Woke up this morning, and went to check on my lil Chili Pepper.... he got stuck in one of the little island things that i had and died....

I'm so sorry lil Chili Pepper, If I had have known that one of you guys could get stuck in there I never would have got it in the first place.

I'll miss you sweety..


----------



## teeneythebetta (Apr 29, 2012)

Aww I'm so sorry 

R.I.P. <3


----------



## CaseyA (May 2, 2012)

Oh no, I'm sorry. RIP Chili.

If you don't mind, what exactly did he get caught in? It could be a warning to the rest of us to avoid that item.


----------



## KMJBandmooch (Jan 8, 2012)

I got a cave(swim throught thingy at walmart that had an anchor on it and pink coral. Im pretty sure chili got stuck, otherwise he just didnt understand how to get out and suffocated........


----------



## MyRainbowBettaFish (May 9, 2012)

I am sorry for your loss! R.I.P Chili Pepper(cute name btw!)!


----------



## ab420 (Mar 27, 2012)

Sorry to hear for your loss


----------



## CaseyA (May 2, 2012)

KMJBandmooch said:


> I got a cave(swim throught thingy at walmart that had an anchor on it and pink coral. Im pretty sure chili got stuck, otherwise he just didnt understand how to get out and suffocated........


How sad. I'm so sorry.

Thanks for the tip. I'll be sure to avoid those now!


----------



## ab420 (Mar 27, 2012)

Years ago I had a Rafael Catfish (he was GORGEOUS!) Only came out at night and "talked" all the time with this strange clicking noise. Anyways, we had a fake tree stump and he got stuck in it one day. I had to pull him out with my hands - the only problem is, those fish are covered in little spikes and barbs. My hand was all raw and cut up, but I was able to rescue him! Here's a pic I found online of one for reference - those little spikes are rough:


----------



## xShainax (Feb 11, 2012)

ab420 said:


> Years ago I had a Rafael Catfish (he was GORGEOUS!) Only came out at night and "talked" all the time with this strange clicking noise. Anyways, we had a fake tree stump and he got stuck in it one day. I had to pull him out with my hands - the only problem is, those fish are covered in little spikes and barbs. My hand was all raw and cut up, but I was able to rescue him! Here's a pic I found online of one for reference - those little spikes are rough:


Ok, I am not getting one of those evil looking things. D:


----------



## teeneythebetta (Apr 29, 2012)

Thank you for letting us know what the decoration was. I am actually heading to walmart and I will be buying stuff for my tank so it is nice to keep that item in mind. 

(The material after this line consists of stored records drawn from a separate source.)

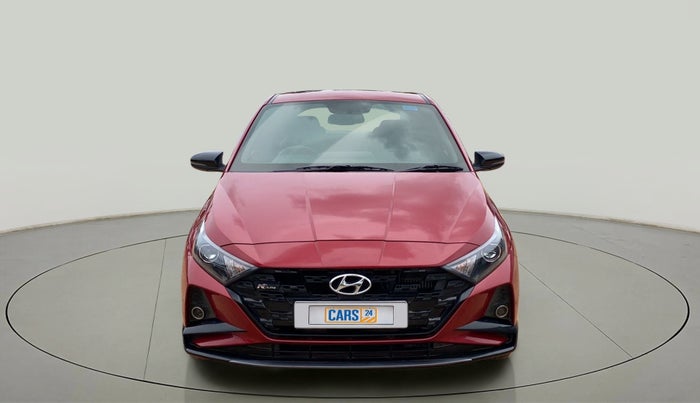 2021 Hyundai NEW I20 N LINE N8 1.0 TURBO GDI IMT, Petrol, Manual, 26,841 km, Front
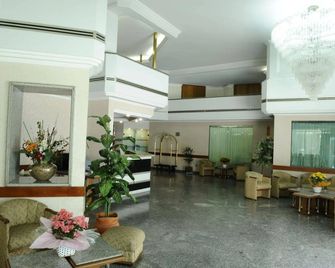 Hotel Augusta Boulevard - São Paulo - Lobby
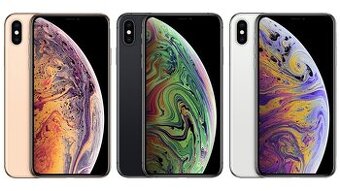 Kúpim originál iPhone XS Max 256 GB.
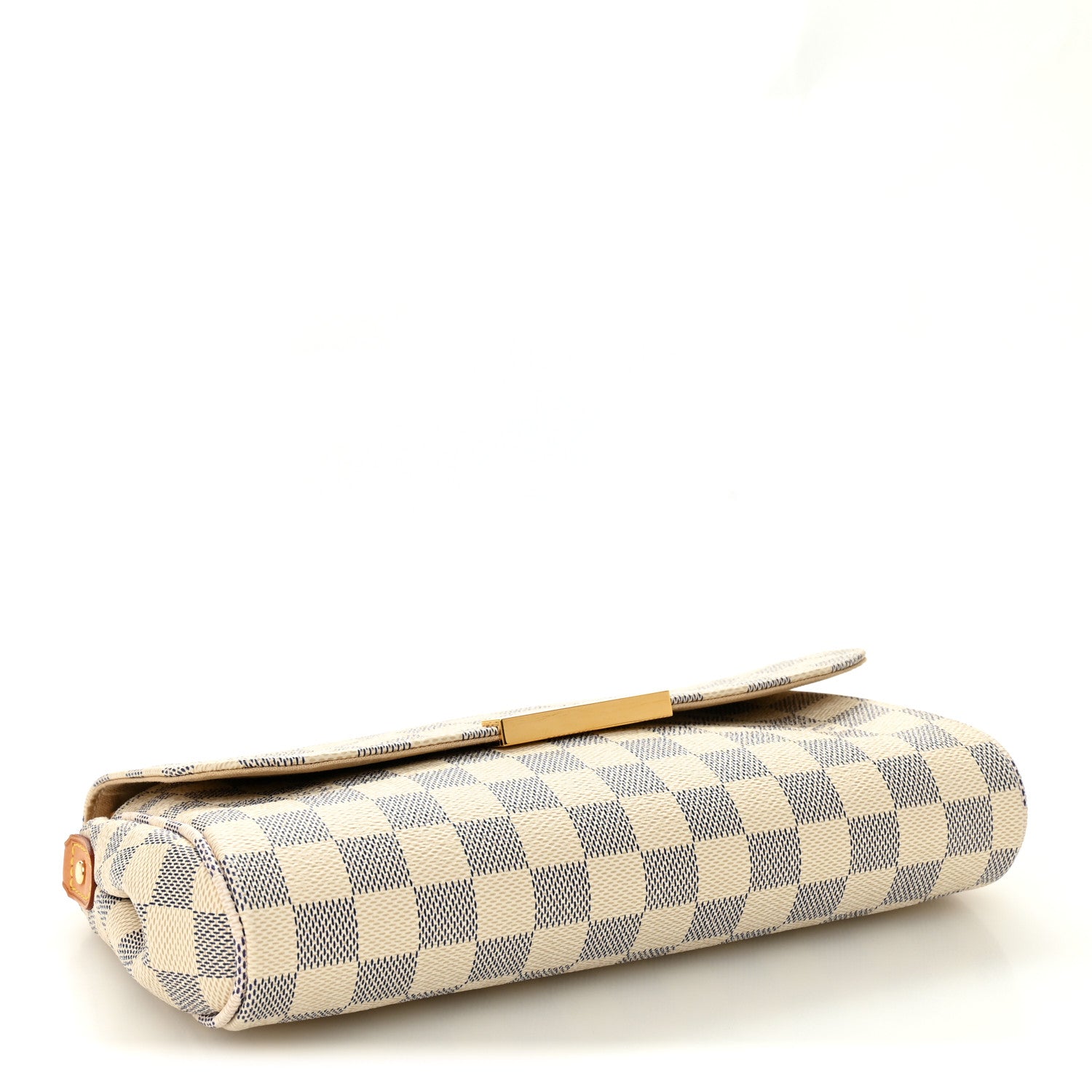 Louis Vuitton Damier Azur Favorite MM 5 of 10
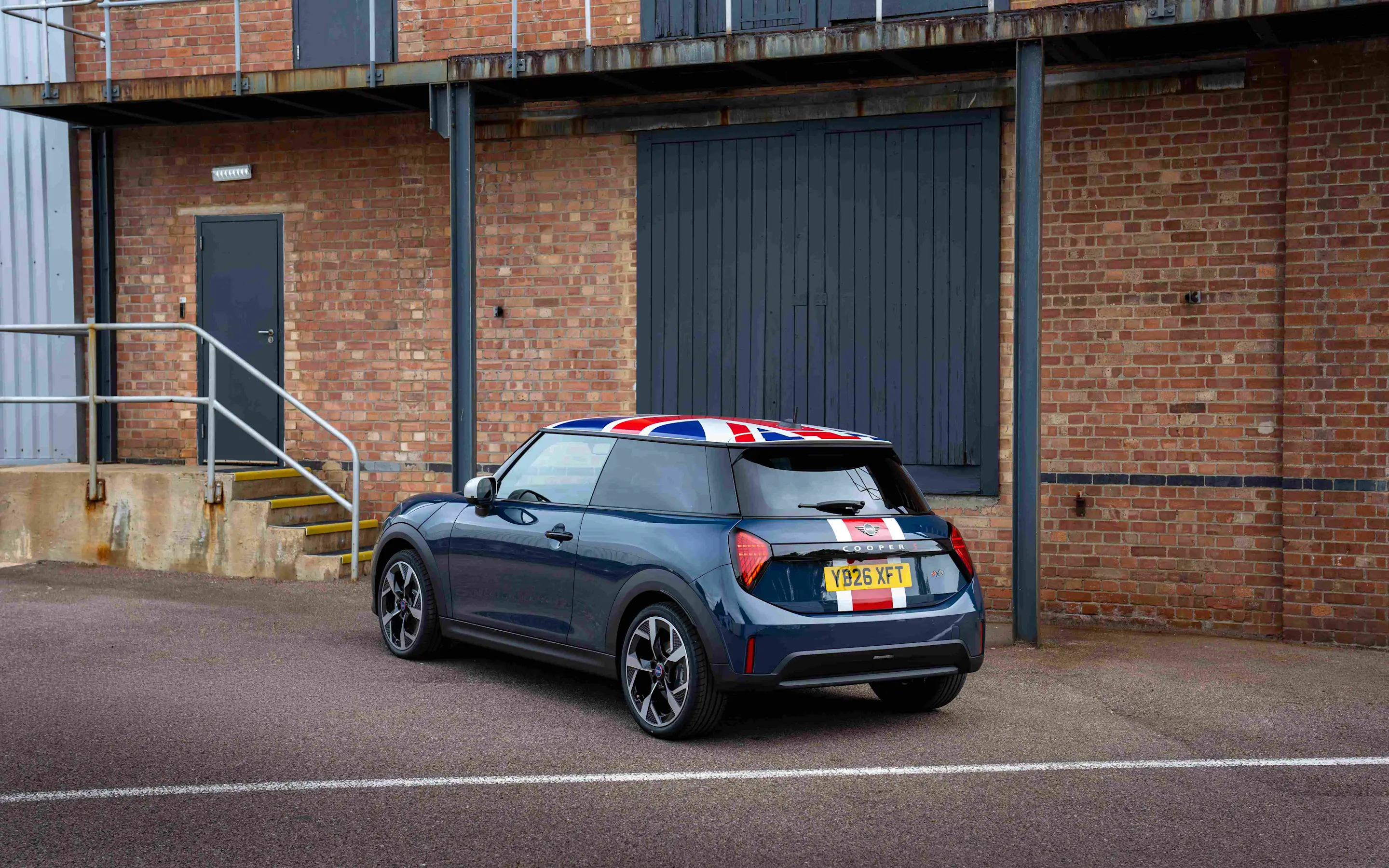 Design MINI Cooper Oxford Edition
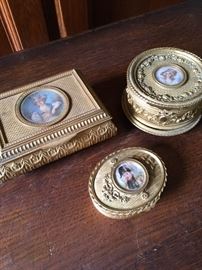 French Boxes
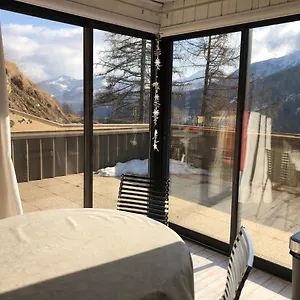 Grand Avec Vue Et Terrasse Allos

Again, so sorry about your little guy.


----------



## Jessicatm137 (Mar 22, 2012)

KMJBandmooch said:


> Woke up this morning, and went to check on my lil Chili Pepper.... he got stuck in one of the little island things that i had and died....
> 
> I'm so sorry lil Chili Pepper, If I had have known that one of you guys could get stuck in there I never would have got it in the first place.
> 
> I'll miss you sweety..


Oh no! I'm very sorry!


----------



## aqua001 (Jan 13, 2012)

I'm sorry. BTW,ab420, Rafael looks interesting lol.


----------